恋という花火に酔いしれた若き日々が終わり、歳をとって落ち着いたと思っていても、また恋をすることはあるんだよ。また何か始まることがあるんだよ。それが人間だよ。と肯定してくれたこのコピーは、若造だった自分にも印象的でした。

けれども、恋愛よりも結婚よりも大きな花火が存在することなど、当時はまったく気づいてなかったのです。

そう、「子ども」という花火です。

経験者なら同感していただけると思いますが、子どものいる生活は、毎日それこそ花火大会のような大騒ぎです。とにかく目が離せない。予想もつかぬ行動。突然の高熱やケガ。天を見上げて「マジかよ!」と何度つぶやかされたことか。毎日の行動も食事も、常に「子どもをどうするか」がメインテーマ。
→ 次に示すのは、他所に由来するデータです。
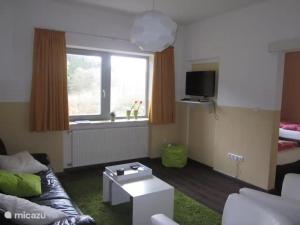 a living room with a couch and a table at Villa Boskoop in Stryck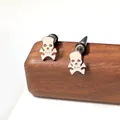 Pendientes de calavera de acero inoxidable pulido sobre soporte de madera - Estilo de Cuerpo de Esqueleto Completo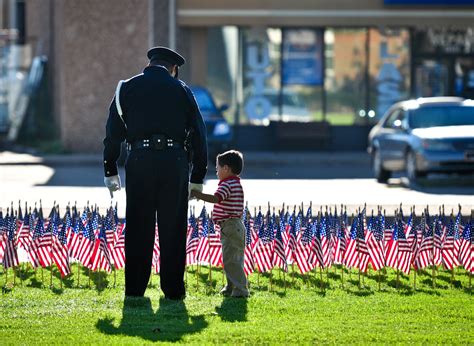 An Honor Guard Officer explains the meaning of the flags to a young boy. | Honor guard, Police ...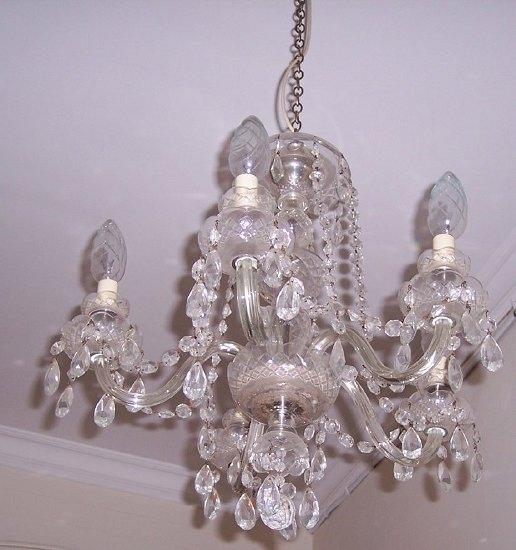 Appraisal: A glass five-branch five-light chandelier hung with glass drops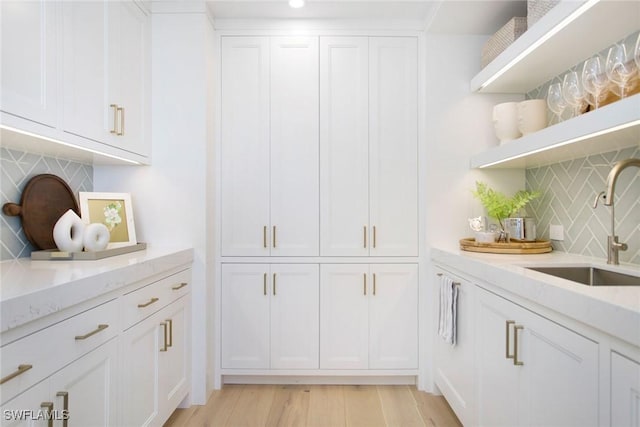 13945 Old Coast Rd Unit 2204, Naples, FL 34110 - bar with backsplash, light wood-type flooring, and recessed lighting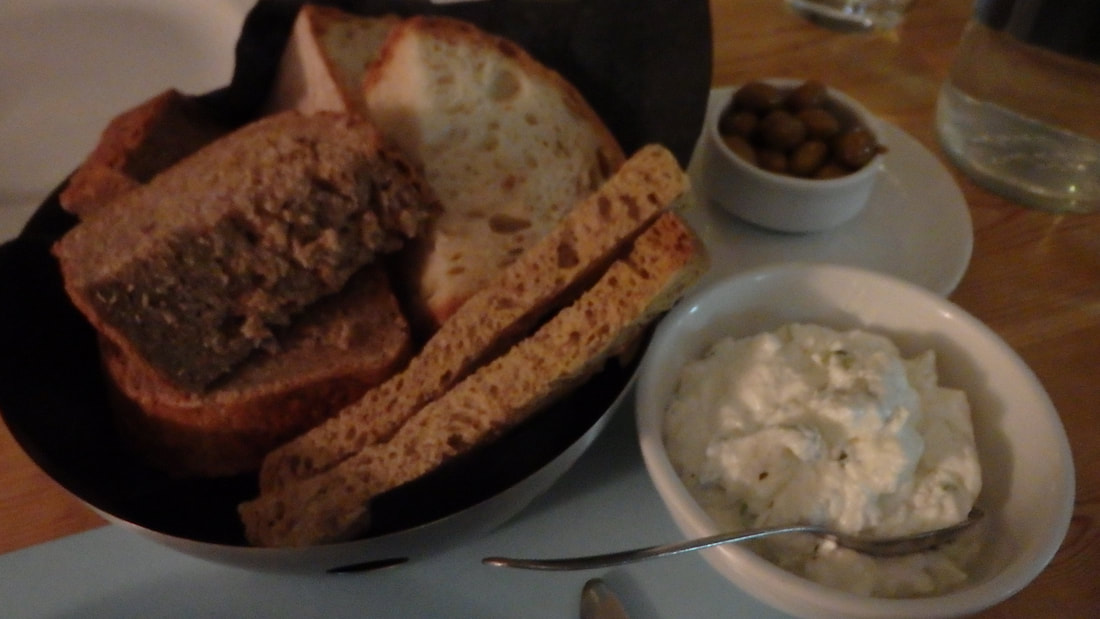 Free bread and yogurt dip at a restaurant in Athens.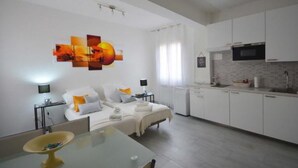 Een moderne, goed verlichte kamer met een bed, nachtkastjes en een zithoek.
常に「パパ、パパ」とひっついてくるので、子どもが寝つくまでは自分の時間なんかゼロ。

けど同時に、子どもならではの意表をついた一言に笑わされ、愛らしい挙動にほのぼのと癒され、すやすや眠る寝顔を見つめては得体の知れない幸福感に包まれた、あの日々を忘れることはできません。

うちは、息子が3歳の時に妻が亡くなり、その後は2人きりで生活してきました。育児に関して相談できる相手がいないのはデメリットだったかもしれませんが、全てを自分の思い通りにできる点ではストレスフリーだったとも言えます。

一つだけ言えるのは、妻を失った自分の心を支えてくれたのが、ほかならぬこの小さな息子だったということ。人間って、自分のために戦うよりも、守らなければならない相手のために戦う方が、強くなれる生き物なんですよね。

ともあれ、月日は過ぎました。

育児は、遠い日の花火になった。

高校生になった息子氏、もはや一緒に出かけたり行動することも、ほとんどありません。ひとりで勝手に起きて、ネットで情報調べて友だちと街に出かけ、どこか知らないけどほっつき歩いて、お茶のんで、ごはん食べて帰ってくる毎日。会話も「お金ちょうだい?」とか「食べ物ある?」とか、必要最小限。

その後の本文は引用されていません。